Kemarin: The Man In The Moon

tavisha
Chapter #11

#11

Aku terbangun dari tidurku. Cahaya pagi sudah menyusup masuk ke dalam kamarku. Hari ini hujan, aku bisa melihat dari sela-sela gordenku tetes-tetes hujan yang jatuh dari atap.

 

Aku terbangun penuh kebingungan, dan mendapati kakakku berdiri di sela pintuku yang terbuka.

 

Better?” katanya saat kami bertemu pandang. “Hmm ...,” gumamku masih belum beranjak. “Tumben tidur gak berselimut ...” katanya, dan aku

 

baru menyadari hal itu.
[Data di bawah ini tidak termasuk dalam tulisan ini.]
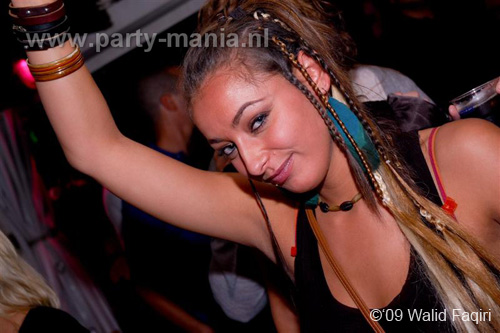 090822_149_los_partymania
Aku orang yang tidak bisa tidur tanpa selimut. “Aku berangkat kerja sekarang,” katanya lagi, saat itu jam bekerku baru menunjukkan setengah tujuh. Kurasa dia tidak tahan, untuk tidak cepat-cepat menyelesaikan pekerjaannya.

 

“Apa aku pernah keluar negeri sebelumnya?” tanyaku tiba-tiba dengan suara parau baru bangun tidur. Aku bertanya tanpa memandangnya. “Apa aku punya paspor?”

 

“Sampai paspor sendiri kau tidak ingat?”

 

“Sama sekali, tidak ingat,” kataku dengan suara lemah memandang kembali tetes-tetes hujan yang jatuh.

 

“Kau ingin keluar negeri?”

 

“Tidak ... hanya bertanya.”

“Baiklah, kalau butuh apa-apa. Beri tahu aku saja.” “Kau tidak akan membantu ....”

 

Dia tidak menjawab.

 

“Aku pergi kerja kalau begitu,” katanya di tengah keheningan yang lama dan dia pergi meninggalkanku kembali menyendiri di kamar.

 

Aku masih binggung, memandang tetesan air yang

jatuh.

 

Katanya, kita mudah sekali bermimpi buruk kalau kita tidur dengan suasana kamar yang dingin.

 

Aku tidak tahu apakah yang barusan kulalui adalah mimpi buruk atau mimpi yang indah.

 

Mimpi itu terasa seperti masa laluku, tapi aku tidak yakin. Jika itu masa lalu, bagaimana saat aku terbangun aku masih tidak ingat, kalau Mark adalah orang yang pernah ada di masa laluku?

 

Mimpi itu terasa jelas sekali, aku masih bisa merasakan emosi yang sama seperti di dalam mimpi itu.

 

Mimpi itu terasa begitu hangat di tengah musim yang dingin. Kenangan itu masih membeku.

 

Seseorang menghilang dari masa laluku, tanpa meninggalkan kunci untuk membuka ingatanku. Aku seperti tersesat di sebuah pulau terpencil. Tempat seharusnya aku kenali. Tak peduli seberapa kerasnya aku berlari, aku selalu berada di tempat yang sama.